Oertwig beharrt auf seiner Version. Ganz im Gegenteil schulde der Verein ihm noch Geld. Ob er dies bekäme, sei aber sehr zweifelhaft: „Türkiyemspor schuldet noch vielen Leuten Geld. Spielergehälter werden nicht gezahlt, Rechnungen bleiben offen.“ Ähnlich stellt der ehemalige Schriftführer Nicolaus Tautrims die Lage dar. Er war vom Vorstand aus dem Verein ausgeschlossen worden, nachdem er mit Hertha Zehlendorf Verträge über den Wechsel zweier Spieler unterzeichnet hatte und geringere Ablösesummen kassierte, als ursprünglich von Türkiyemspor gefordert. „Es lag ein einstimmiger Vorstandsbeschluß über die Höhe der Ablösesumme vor, und Herr Tautrims ist überhaupt nicht zeichnungsberechtigt“, sagt dazu Ertan. „Sein eigenmächtiges Vorgehen ist nicht zu rechtfertigen.“ Zudem hatte Tautrims dem Verein den Scheck von Zehlendorf über 25.000 Mark über zwei Wochen vorenthalten.

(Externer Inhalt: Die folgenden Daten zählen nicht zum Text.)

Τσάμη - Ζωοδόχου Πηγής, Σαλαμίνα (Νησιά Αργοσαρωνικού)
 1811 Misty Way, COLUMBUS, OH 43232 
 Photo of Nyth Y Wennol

„Ich habe dieses Geld zurückgehalten, um ausstehende Forderungen des ehemaligen Trainers begleichen zu können, ein möglicher Arbeitsgerichtsprozeß würde den Verein ungleich mehr kosten.“ Auch sei es angesichts der Finanznöte des Vereins besser gewesen, die von Zehlendorf angebotene Summe anzunehmen. Nach einer dreimonatigen Sperre sind Amateure ansonsten ablösefrei. Tautrims vermutet, daß diese Forderungen gar nicht beglichen werden sollen. Eine Mitgliedervollversammlung solle nun entscheiden, ob sein Verhalten vereinsschädigend war. Ob die Mitglieder seine Meinung teilen, ist zweifelhaft, denn schon länger ist Tautrims im Verein umstritten.

„Tautrims ist ein Guter, und ich bin ein Guter“ – für Hans-Joachim Oertwig ist die Sachlage dagegen klar. Er sieht sich als Opfer einer Rufmordkampagne, die mit einem Ereignis von vor fünf Jahren zusammenhänge: Im April 89 war der damals für die Reinickendorfer Füchse arbeitende Trainer in einem Spiel bei Türkiyemspor auf den Platz gelaufen. Ein Ordner von Türkiyemspor schob ihn vom Rasen, und Oertwig fiel dabei so unglücklich, daß er mit der Trage weggebracht werden mußte. Erst nach einer längeren Pause konnte er die Trainerarbeit fortsetzen. Da dem Kreuzberger Verein dieser Vorfall damals sehr geschadet hat, glaubt Oertwig an einen möglichen Racheakt.